Doch wer die Basis dieser Entwicklung, das Institut für Sozialforschung, näher betrachtet, stößt sehr schnell auf den Argentinier Felix Weil, der die finanzielle Basis gelegt hatte. Das privat finanzierte An-Institut der Universität Frankfurt wurde von seinem Geld errichtet. Als Sohn und Erbe des Multimillionärs und Getreidehändlers Hermann Weil, hat er „sein gesamtes Vermögen in das Projekt eines interdisziplinären, marxistischen Theorien verpflichteten Instituts gesteckt“, wie die Autorin Jeanette Erazo Heufelder in dem gerade erschienen Buch mit dem Titel „Der argentinische Krösus“ schreibt. Nicht ohne Erfolg, wie man leider feststellen muss.

Hermann Weil hat sehr früh erkannt, dass es in einer Gesellschaft um den Kampf der Ideen geht. Auch die Idee der Sozialen Marktwirtschaft ist nicht vom Himmel gefallen, sondern hat ihre Wurzeln in den 1920er und 30er Jahre. Erst die Vorarbeiten von Wilhelm Röpke, Walter Eucken und anderen versetzen Ludwig Erhard nach dem 2. Weltkrieg in die Lage, durch die Freigabe der Preise und die Einführung der D-Mark, eine marktwirtschaftliche Ordnung durchzusetzen.

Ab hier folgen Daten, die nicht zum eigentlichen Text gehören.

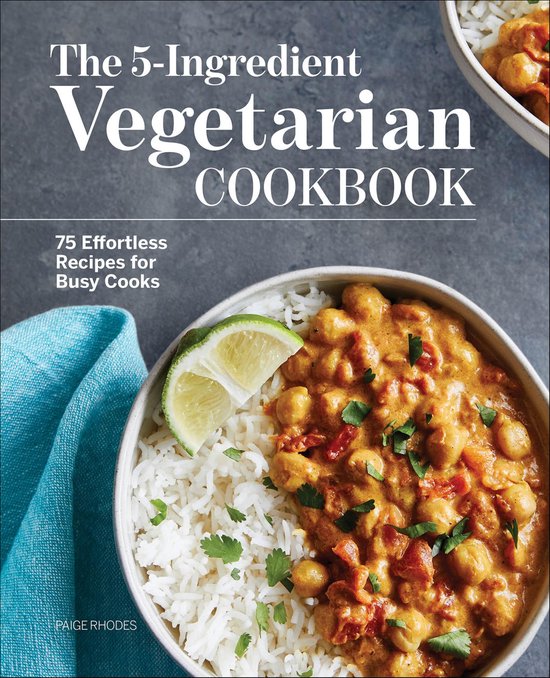 The 5-Ingredient Vegetarian Cookbook - cover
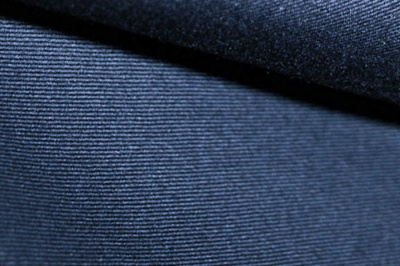 Ткань костюмная 8874/3, цвет темно-синий, 100% полиэфир - купить в Воронеже. Цена 433.60 руб.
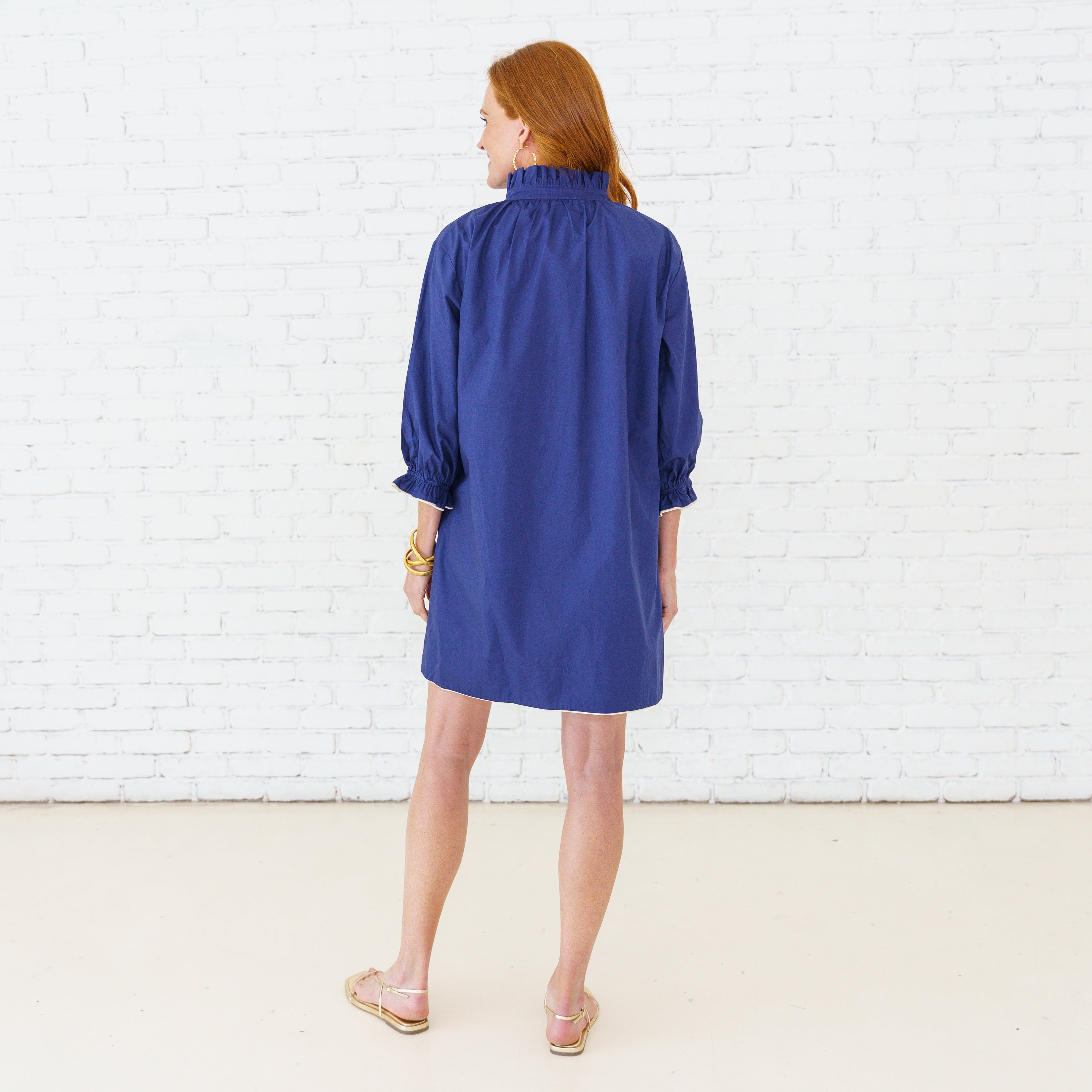 Caryn Lawn Carly Dress Navy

Ein weiteres, und besonders ermutigendes Beispiel ist das von Antony Fisher. Fisher kam als Hühnerzüchter zu Vermögen und las nach dem 2. Weltkrieg das Buch „Der Weg zur Knechtschaft“ von Friedrich August von Hayek, in dem Hayek hart mit den braunen und roten Sozialisten ins Gericht ging. Fisher ging anschließend zu Hayek und teilte ihm mit, nach der Lektüre seines Buches in die Politik gehen zu wollen, um eine ähnliche Entwicklung in Großbritannien aufzuhalten. Hayek riet ihm jedoch davon ab und empfahl ihm, ein Institut zur Verbreitung freiheitlicher Ideen zu gründen. Diesem Rat folgend gründete Fisher und 1957 das Institute of Economic Affairs in London. Großbritannien war zu dieser Zeit ein halb-sozialistisches Land. Die Industrie war überwiegend verstaatlicht worden und die Spitzensteuersätze lagen bei über 90 Prozent. Das Institut beeinflusste in den Folgejahren die Stimmung und trug zur marktwirtschaftlichen Erneuerung Großbritanniens in den 1980er Jahren unter Margaret Thatcher maßgeblich bei. Milton Friedman sagte später über die IEA: „Ich bezweifle, dass es ohne das IEA eine Thatcher-Revolution gegeben hätte.“ Die Macht der Ideen und der Wettbewerb um die Köpfe und Herzen der Menschen entscheidet über unsere Zukunft!